There was a thread a while back about the usefulness of voltage drops....
Last week I found a bad connection on a motor starter where the voltage drops correlated with the heat very well, which isn't always the case. Most of the time I have found that the difference in Voltage drop between the "Bad" Phase, and the "Good" phases are not much, to the point of being statistically insignificant. But in the case of the attached thermograph, it correlated rather nicely. The load was 27 amps. Wire gauge was 8 or 10. Temp was 120 C on B phase, and voltage drops were 94mv 294mv 49mv. Perhaps Voltage drops do not become significant until the severity of the anomaly is at this stage.

Voltage_drop.doc (92 Kb, 49 downloads)

Voltage drop confirms the location of an anomaly. It is usually used to confirm there is an internal problem. If all you have is a simple loose connection on a cable, it wont create a voltage drop.

Right, because the current will simply go through whatever remains of the good connection. Depending on load, you may have plenty of good conductor left to carry the load. You essentially have a parallel resistance circuit. But this begs the question: If there is heat, there must be resistance, if resistance, than a voltage drop. In this case, a load of 27.1 amp, VD of .294mv equals 8 watts of power used and resistance of only .01 ohms. I have never seen an anomaly with a voltage drop greater than 1.

quote:

Originally posted by Bob Berry:
If all you have is a simple loose connection on a cable, it wont create a voltage drop.

The above contradicts basic rules of electricity.

Assuming that a loose connection manifested itself by temperature increase with current not affected, addtional power deltaP generated at loose connection will be:

deltaP = I^2 * deltaR
deltaR - connection resistance increase

or additional voltage drop
deltaU = I * deltaR

It is a separate question as to whether or not temperature increase deltaT is directly proportional to deltaU. This relationship may not be linear - the situation Martin runs into.

David, if you assume a serial connection you are correct, but a degrading connection becomes essentially a parallel connection, where the load goes through the path of least resistance.

Martin,

I assume that connection resistance is in series with the rest of the power circuit.
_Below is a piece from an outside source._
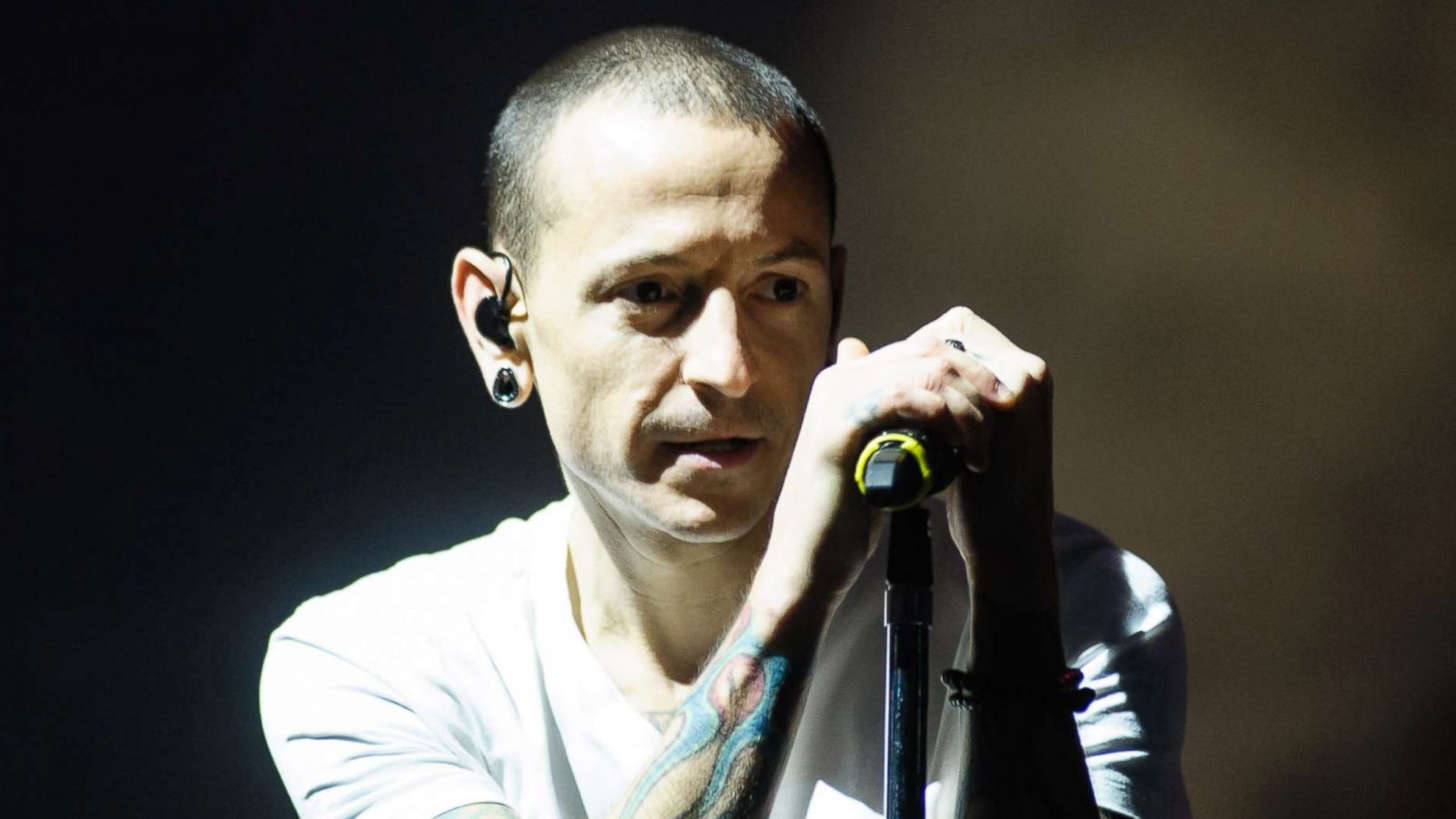 PHOTO: Linkin Park performs at O2 Arena in London, Nov. 23, 2014.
Of course, you can view connection resistance itself as made out of several parallel branches. But once one of them opens up, overall connection resinstance goes up and my previous conclusion stands. Resistance goes up at poor connection - this is the key.

David

Yes, but if you read my post, it depends on the load. If you run 10 amps through a 0000 stranded cable (rated 300 amps+) even if 50% of the strands have burned parts which have very high resistance, the amount of contact area required to conduct 10 amps will certainly remain in the 50% that still has good contact. There will be no voltage drop other than the normal voltage drop associated with the normal resistance of copper wire because the load is less than the current carrying capacity of the remaining good contact areas. It is when the remaining good contact area becomes smaller than the load needs that we really begin to encounter meaningfull resistance to the current.

Connection resistivity vs. load is practically a flat straight line except for very-very low or high loads.